Geometry question for exam:
Given a right isosceles triangle $ABC$ with $A=90^\circ$. Point $D$ is inside triangle $ABC$ and such that $\angle DCA=\angle DBC=30^\circ$. Prove that $DCA$ is an isosceles triangle.
Basicly my idea is to label point $E$ such that $\angle EDC=15^\circ$. And I'm stuck at that point. I have learnt equal triangle but i haven't learnt similar triangle or trigonometry. Thanks for your help!
On
We have that $\angle BDC =180°-45°$ and using sine rule for $\Delta BCD$ we get:
$$\frac{CD}{\sin 30°}=\frac{a\sqrt{2}}{\sin (180°-45°)}=\frac{a\sqrt{2}}{\sin 45°}\to CD=\frac{a\sqrt{2}\cdot \sin 30°}{\sin 45°}=a$$
So $AC=CD=a$ and then $\Delta DCA$ is isosceles.
EDIT
As Michael pointed out, this property only holds if $D$ lies inside the triangle. But I think that is the case OP is asking for. The statement is incomplete.
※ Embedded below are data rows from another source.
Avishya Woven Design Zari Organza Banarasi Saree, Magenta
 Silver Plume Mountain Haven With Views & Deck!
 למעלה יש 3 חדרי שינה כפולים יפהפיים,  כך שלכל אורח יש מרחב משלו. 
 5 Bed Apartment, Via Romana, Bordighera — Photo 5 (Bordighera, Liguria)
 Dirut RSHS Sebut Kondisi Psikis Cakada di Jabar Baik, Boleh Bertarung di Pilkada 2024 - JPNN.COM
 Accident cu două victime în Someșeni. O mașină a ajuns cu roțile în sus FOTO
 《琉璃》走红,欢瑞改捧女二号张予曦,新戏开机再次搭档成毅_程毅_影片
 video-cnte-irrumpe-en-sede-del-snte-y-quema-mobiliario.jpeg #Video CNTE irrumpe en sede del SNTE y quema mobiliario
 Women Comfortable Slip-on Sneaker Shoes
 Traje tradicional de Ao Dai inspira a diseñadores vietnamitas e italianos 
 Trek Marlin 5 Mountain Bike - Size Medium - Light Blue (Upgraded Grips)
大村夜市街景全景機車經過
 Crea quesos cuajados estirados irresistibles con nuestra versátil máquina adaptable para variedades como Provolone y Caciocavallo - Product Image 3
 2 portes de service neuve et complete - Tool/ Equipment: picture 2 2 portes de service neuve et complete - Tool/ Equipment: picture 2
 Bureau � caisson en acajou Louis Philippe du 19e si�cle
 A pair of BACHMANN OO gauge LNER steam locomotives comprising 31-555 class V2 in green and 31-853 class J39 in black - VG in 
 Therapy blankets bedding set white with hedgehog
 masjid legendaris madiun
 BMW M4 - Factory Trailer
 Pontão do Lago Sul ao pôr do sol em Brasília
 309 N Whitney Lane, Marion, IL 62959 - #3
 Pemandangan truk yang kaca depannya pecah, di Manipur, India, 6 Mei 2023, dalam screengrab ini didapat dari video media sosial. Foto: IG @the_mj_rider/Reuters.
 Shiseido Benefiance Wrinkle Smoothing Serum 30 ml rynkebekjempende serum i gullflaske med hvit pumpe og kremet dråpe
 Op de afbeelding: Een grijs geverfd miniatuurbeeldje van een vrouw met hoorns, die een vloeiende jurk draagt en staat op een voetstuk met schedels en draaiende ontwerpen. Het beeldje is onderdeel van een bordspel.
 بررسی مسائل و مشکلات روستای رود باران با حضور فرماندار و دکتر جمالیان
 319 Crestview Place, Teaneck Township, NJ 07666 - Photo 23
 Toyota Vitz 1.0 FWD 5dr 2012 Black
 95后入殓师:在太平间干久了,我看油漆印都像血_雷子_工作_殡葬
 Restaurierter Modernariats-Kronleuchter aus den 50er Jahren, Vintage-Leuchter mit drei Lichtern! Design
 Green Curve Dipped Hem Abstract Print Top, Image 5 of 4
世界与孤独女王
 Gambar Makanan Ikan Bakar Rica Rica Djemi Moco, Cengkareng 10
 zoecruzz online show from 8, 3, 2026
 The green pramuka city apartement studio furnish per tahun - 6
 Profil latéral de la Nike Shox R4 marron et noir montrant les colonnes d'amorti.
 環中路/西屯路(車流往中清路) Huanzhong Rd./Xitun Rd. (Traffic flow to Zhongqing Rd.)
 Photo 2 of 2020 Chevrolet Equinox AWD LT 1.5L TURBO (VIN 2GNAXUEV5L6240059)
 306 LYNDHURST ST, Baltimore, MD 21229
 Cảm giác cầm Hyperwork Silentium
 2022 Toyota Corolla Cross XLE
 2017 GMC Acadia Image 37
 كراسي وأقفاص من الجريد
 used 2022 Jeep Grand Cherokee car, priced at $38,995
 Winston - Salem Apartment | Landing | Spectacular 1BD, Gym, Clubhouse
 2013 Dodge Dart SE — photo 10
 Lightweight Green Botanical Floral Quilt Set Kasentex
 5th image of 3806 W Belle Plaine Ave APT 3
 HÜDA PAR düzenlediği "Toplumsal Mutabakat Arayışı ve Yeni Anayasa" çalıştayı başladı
Problems like this one can usually be solved without trigonometry.
Let $M$ be the midpoint of edge $BC$. Then, since $AB=AC$, line $AM$ is the orthogonal bisector of edge $BC$, i.e. $AM$ is the line orthogonal to $BC$ that passes through $M$. Let $E$ be a point on $AM$ such that $\angle \, EBC = 60^{\circ}$ and both $E$ and $A$ lie on the same side of line $BC$. Since line $EM$ (which is line $AM$) is the orthogonal bisector of $BC$, triangle $BCE$ is isosceles with $BE = CE$.
However, by construction, $\angle \, EBC = 60^{\circ}$ so $BCE$ is in fact an equilateral triangle. Therefore $CE = BC$. Moreover, $EM$ is the angle bisector of angle $\angle \, BEC = 60^{\circ}$ so $\angle \, AEC = 30^{\circ}$. Furthermore, $$\angle \, ACE = \angle \,BCE - \angle \, BCA = 60^{\circ} - 45^{\circ} = 15^{\circ}$$ By the choice of point $D$ $$\angle \, DCB = \angle \, BCA - \angle \, DCA = 45^{\circ} - 30^{\circ} = 15^{\circ}$$ Consequently, triangles $ACE$ and $DCB$ are congruent because $$\angle \, ACE = \angle \, DCB = 15^{\circ}$$ $$\angle \, AEC = \angle \, DBC = 30^{\circ}$$ and $CE = BC$. Therefore $CA = CD$ and thus triangle $DCA$ is isosceles.